MS Model tells us what the variance *would be* if every student were assumed to have the thumb length predicted by the **Height2Group** model; MS Error tells us what the leftover variance would be after subtracting out the model. The F ratio is calculated as the MS Model divided by the MS Error:

\[F = \frac{MS_{Model}}{MS_{Error}} = \frac{SS_{Model}/df_{Model}}{SS_{Error}/df_{Error}}\]

This ratio turns out to be a very useful statistic. If there were no effect of **Height2Group** on thumb length we would expect the variance estimated using the group means to be approximately the same as the variance within the groups, resulting in an F ratio of approximately 1. But if the variation across groups is more than the variation within groups, the F ratio would rise above 1. A larger F ratio means a stronger effect of our model.

Just like variance provided us with a way to account for sample size when using SS to measure error from our model, the F ratio provides a way to take degrees of freedom into account when judging the fit of a model. The F ratio gives us a sense of whether the degrees of freedom that we spent in order to make our model more complicated were “worth it”.

### Another Way of Thinking About the F Ratio

There is another way of thinking about F that makes clearer the relationship between F and PRE. It is represented by this alternative formula for F:

\[F = \frac{PRE/df_{model}}{(1-PRE)/df_{error}}\]

This formula produces the same result as the formula for F presented in the previous section, but makes it easier to think about the relation between PRE and F.

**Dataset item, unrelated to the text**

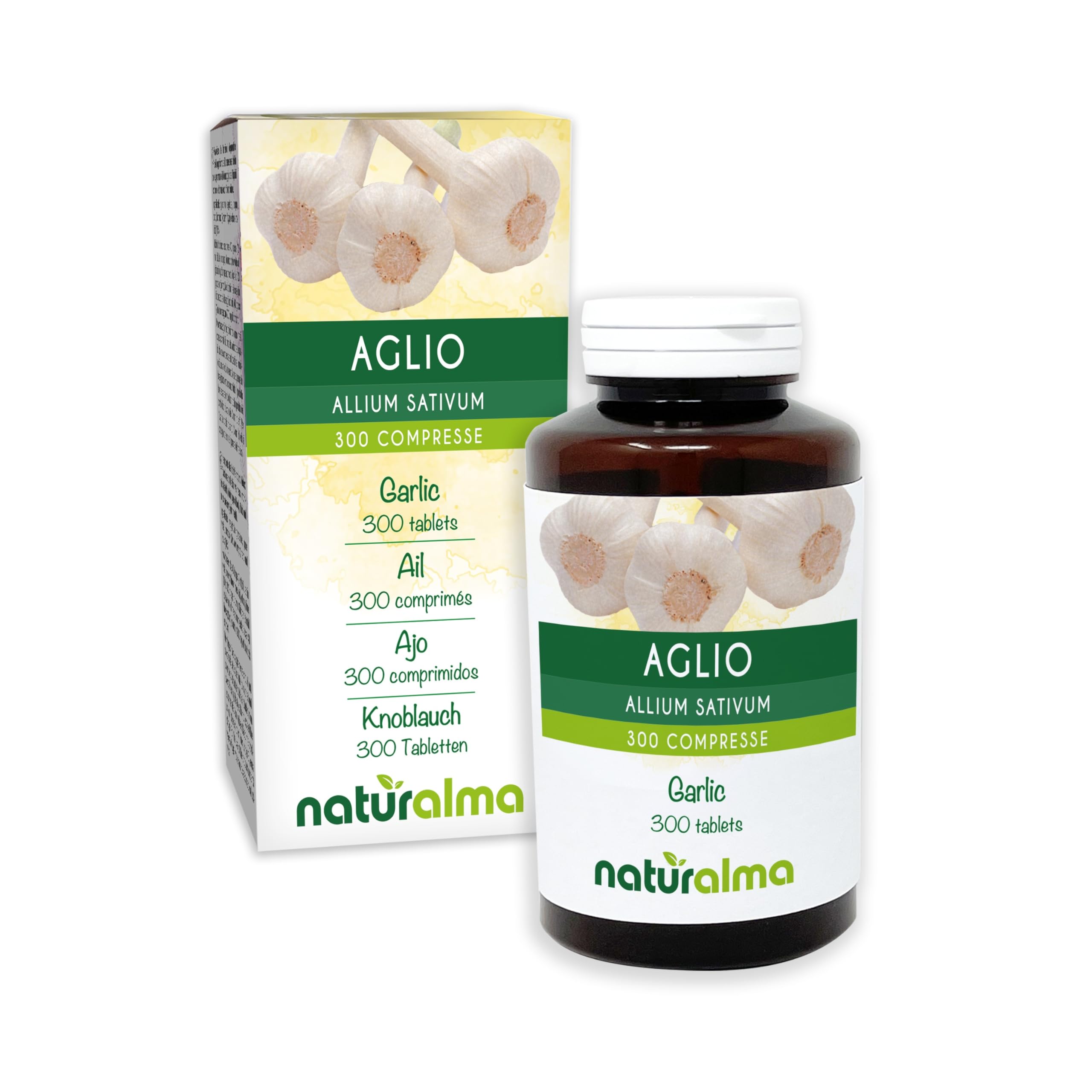 Aglio (Allium sativum) bulbi Naturalma - 150 g - 300 compresse - Integratore alimentare - Naturale e Vegano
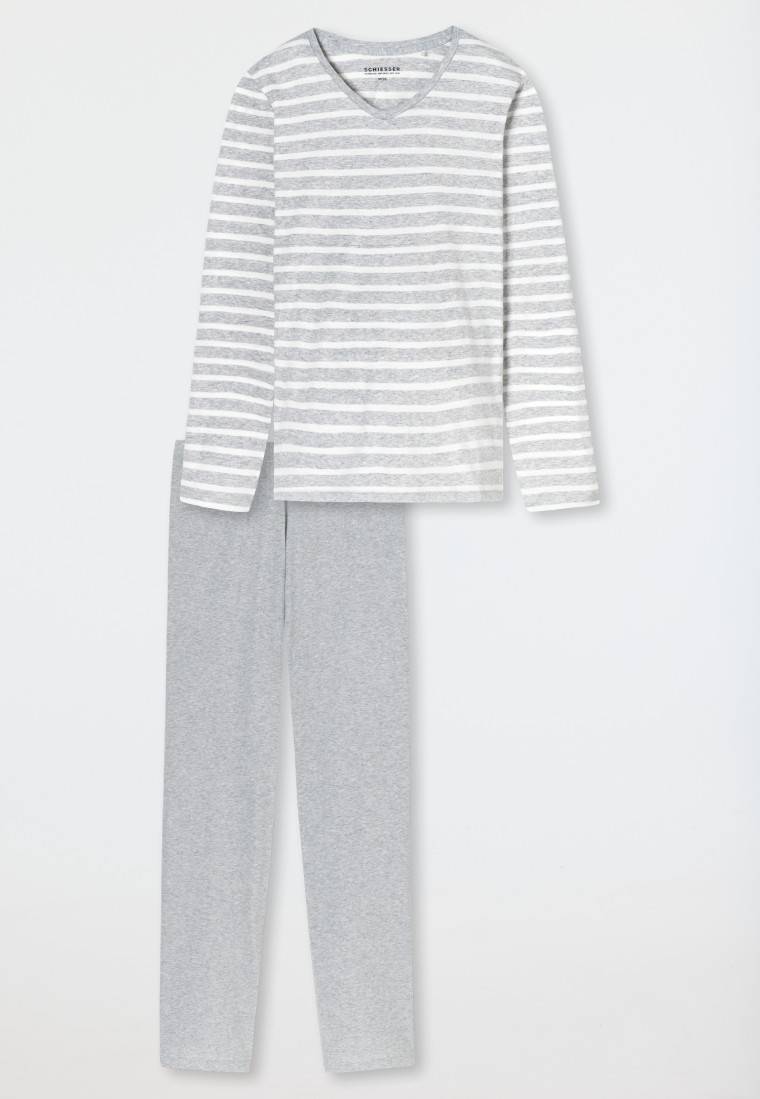 Schiesser Schlafanzug Lang Silbergrau Meliert - Casual Essentials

The numerator of this formula gives us an indicator of how much PRE we have achieved in our model *per degree of freedom* spent (i.e., number of parameters estimated beyond the empty model). In the case of our two-group **Height2Group** model, if would simply be PRE divided by 1 because we used only one additional degree of freedom.

The denominator tell us how much error could be reduced (\(1-PRE\)) *per degree of freedom* if we were to put all still-unused degrees of freedom (\(df_{error}\)) into the model. In other words, it tells us what the PRE would be, on average, if we just randomly picked a parameter to estimate instead of the one that we picked for our model.

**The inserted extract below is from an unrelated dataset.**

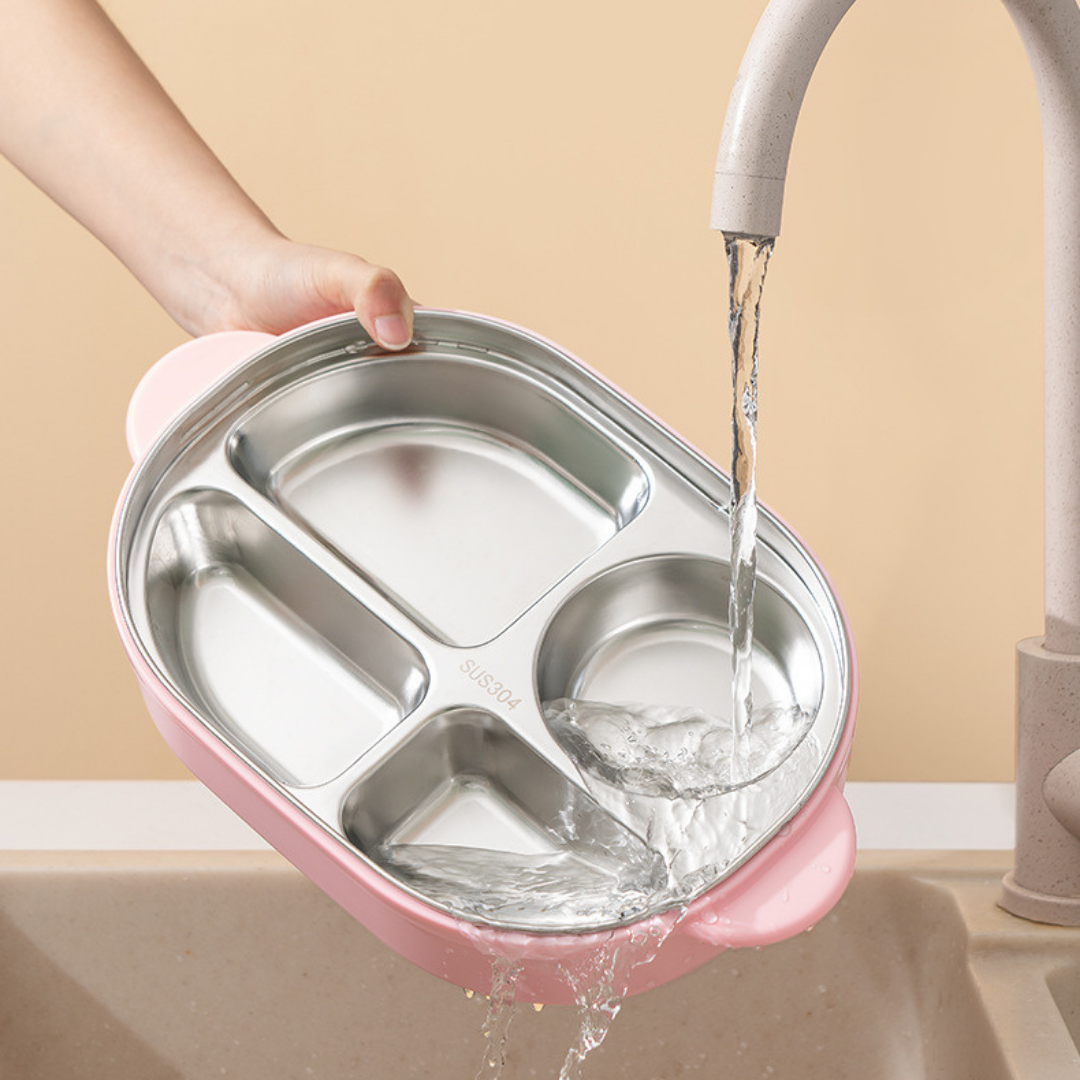 Homero 4-Compartment Cute Monkey Kids Stainless Steel Lunch Box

The F ratio, thought of this way, compares the amount of PRE achieved by the particular parameters we included in our model (per parameter) to the average amount of remaining PRE that could have been achieved by adding all the possible remaining parameters into the model.

Or put another way, the F ratio answers this question: How many times bigger is the PRE obtained by our best fitting model (per degree of freedom spent) compared to the average PRE that could have been obtained (again, per degree of freedom) by spending all of the possible remaining degrees of freedom?